The fantastical holiday tale follows an eccentric toymaker (Forest Whitaker), his tenacious granddaughter (Madalen Mills) and a magical invention with the power to reunite their family and change their lives forever. The film also stars Keegan-Michael Key, Ricky Martin, Anika Noni Rose and John Legend, who provides an original song.
I recently spoke to Talbert — whose credits include First Sunday, Baggage Claim (adapted from his own novel) and Almost Christmas — about making the film, the workflow and his love of editing and post.
This was a hugely ambitious project. What were the biggest technical challenges of making a musical stuffed full of VFX?

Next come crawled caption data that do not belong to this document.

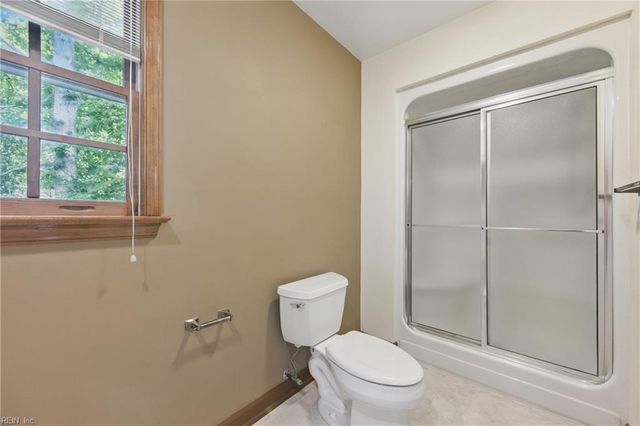 5500 Nuthatch DR, Williamsburg, VA 23185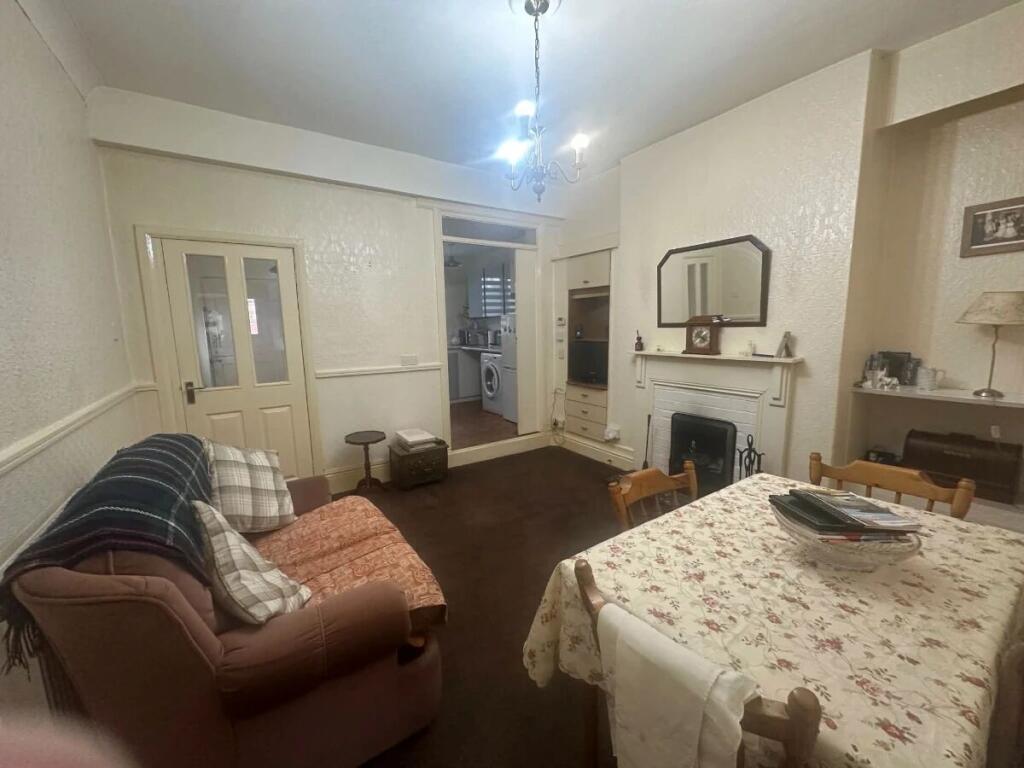 House in Doncaster, South Yorkshire - View 3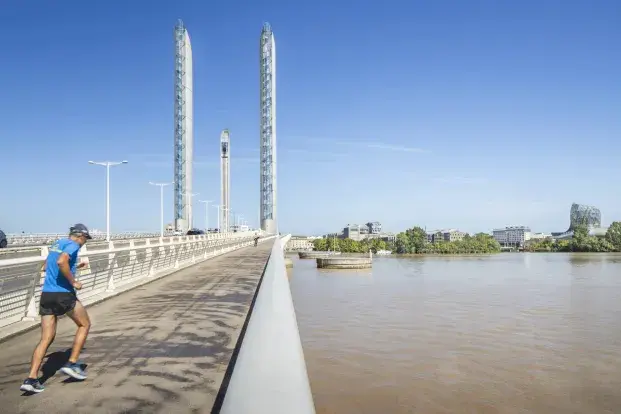 Le pont Chaban-Delmas à la mi-journée. Un joggeur l'arpente.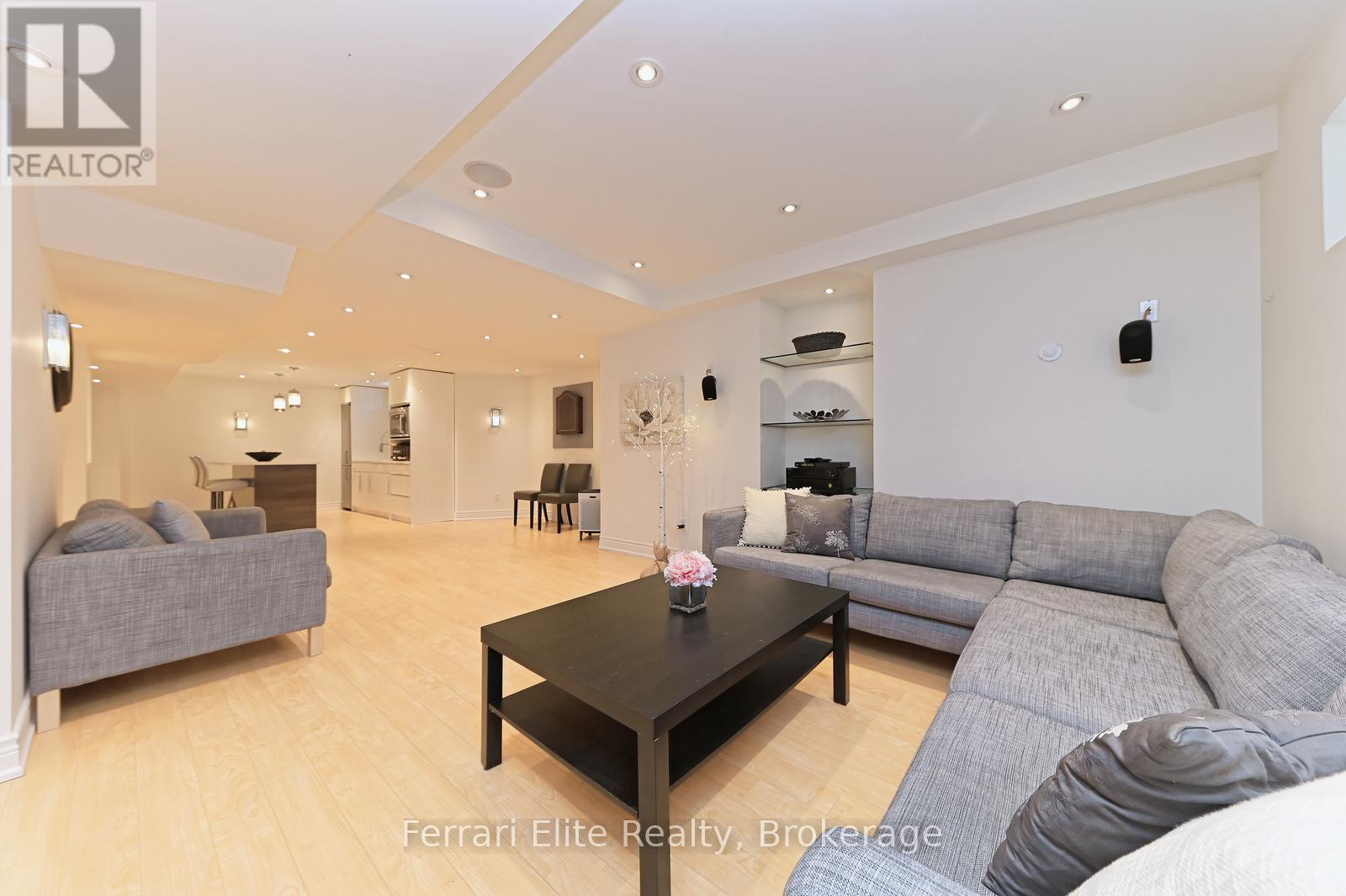 Photo 10 of 16 Amos Court, Markham ON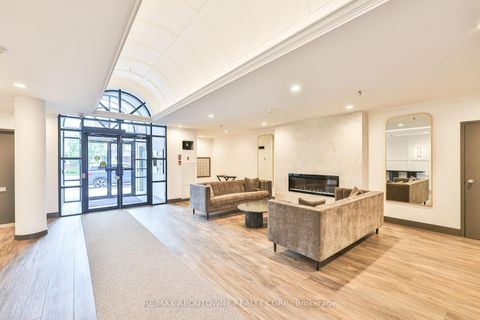 Photo 5 at 404 - 185 Robinson Street, OO Old Oakville, Oakville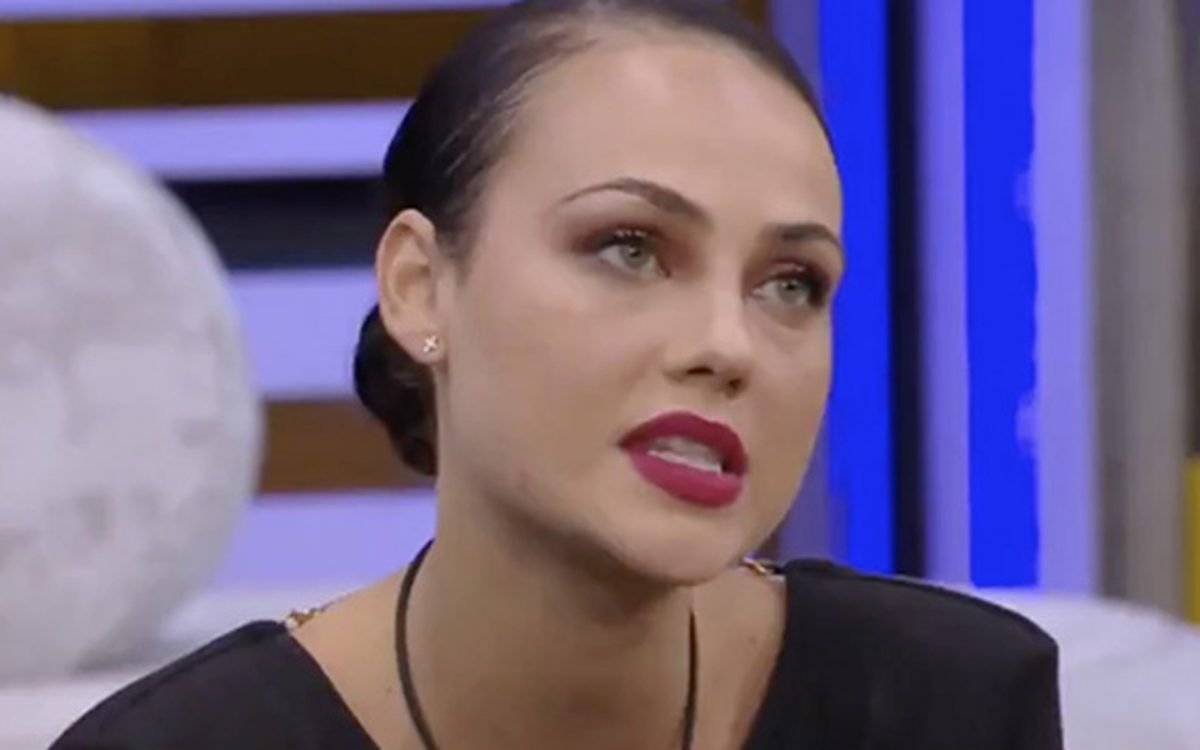 gf vip adua del vesco afferma diro a giuliano che non sono piu quella di prima Adua Del Vesco 2 1 1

I’d never done a big visual effects musical film before, and when I started writing this, an executive told me, “Don’t write the budget, write your imagination. We’ll figure out the budget later.” No one had ever given me a blank canvas like that before. So off I went, not realizing I’d backed myself into dealing with one of the toughest possible films to pull off: a visual effects musical, that’s also a period piece, with animation, CGI characters and narration. I checked all the boxes.
I'm assuming you started integrating post, the animation and all the visual effects from the very beginning. On day one, we began doing previz with Framestore. Then we began to work on the Buddy 3000 robot and started motion capture for the puppet, Don Juan Diego. Those were the biggest elements.